SOURCE MATERIAL
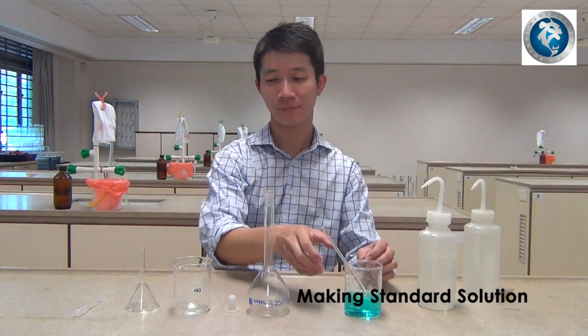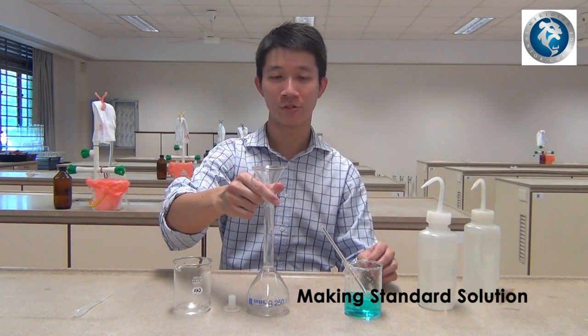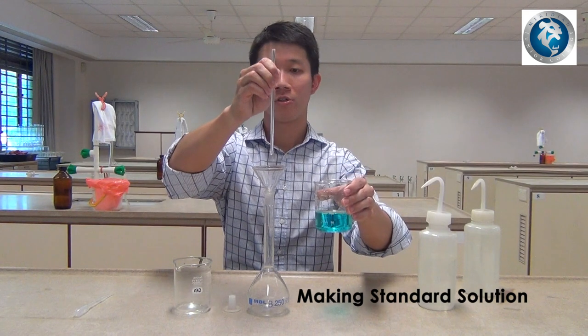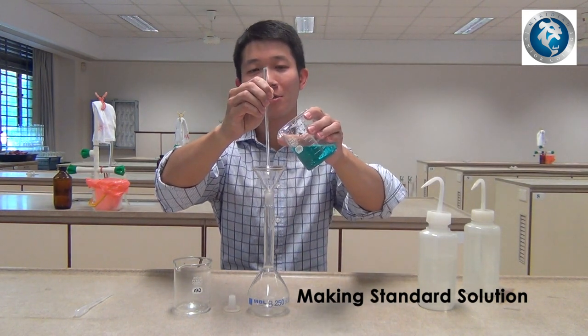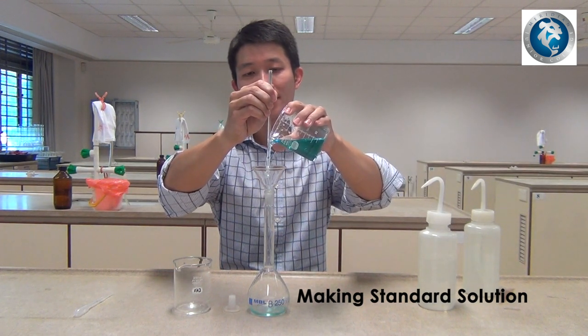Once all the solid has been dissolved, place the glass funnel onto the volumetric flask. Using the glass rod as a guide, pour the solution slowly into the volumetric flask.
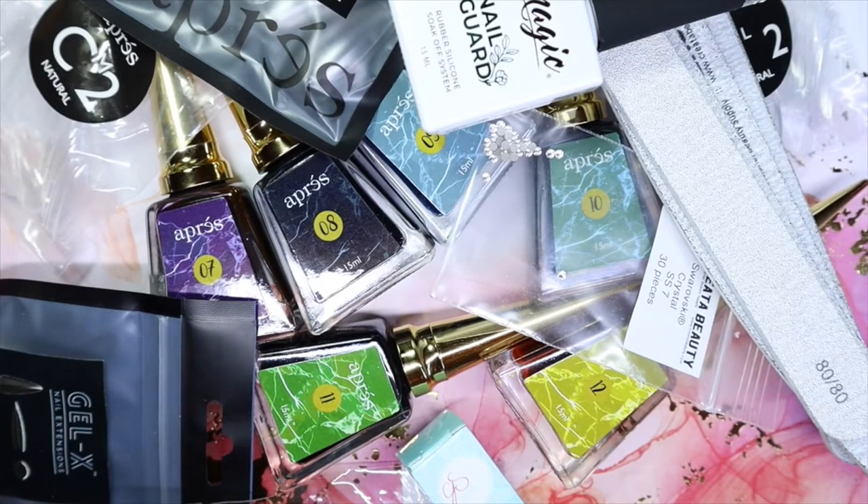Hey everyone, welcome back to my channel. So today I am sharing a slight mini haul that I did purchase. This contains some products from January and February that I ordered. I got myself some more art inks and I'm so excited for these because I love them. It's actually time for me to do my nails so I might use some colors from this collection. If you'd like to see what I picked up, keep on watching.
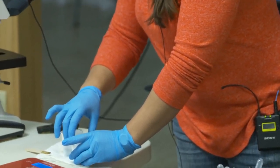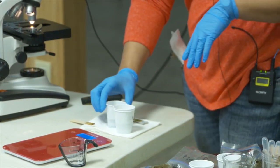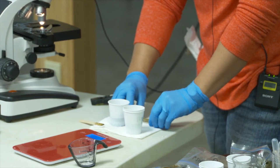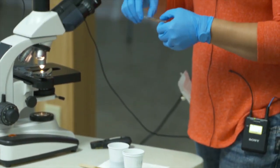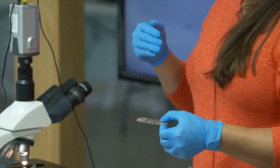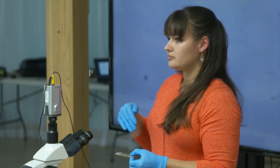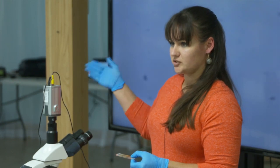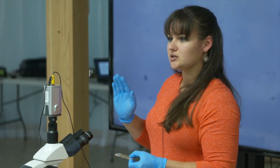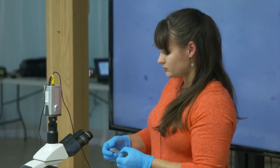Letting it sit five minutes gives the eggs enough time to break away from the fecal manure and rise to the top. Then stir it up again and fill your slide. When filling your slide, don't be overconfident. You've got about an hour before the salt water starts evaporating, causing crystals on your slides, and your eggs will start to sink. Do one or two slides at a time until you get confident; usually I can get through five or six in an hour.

REQUIRED WORK
Skip the images and set down the rest of the data unchanged.

TASK ANSWER
Once all the solid has been dissolved, place the glass funnel onto the volumetric flask. Using the glass rod as a guide, pour the solution slowly into the volumetric flask.
Hey everyone, welcome back to my channel. So today I am sharing a slight mini haul that I did purchase. This contains some products from January and February that I ordered. I got myself some more art inks and I'm so excited for these because I love them. It's actually time for me to do my nails so I might use some colors from this collection. If you'd like to see what I picked up, keep on watching.
Letting it sit five minutes gives the eggs enough time to break away from the fecal manure and rise to the top. Then stir it up again and fill your slide. When filling your slide, don't be overconfident. You've got about an hour before the salt water starts evaporating, causing crystals on your slides, and your eggs will start to sink. Do one or two slides at a time until you get confident; usually I can get through five or six in an hour.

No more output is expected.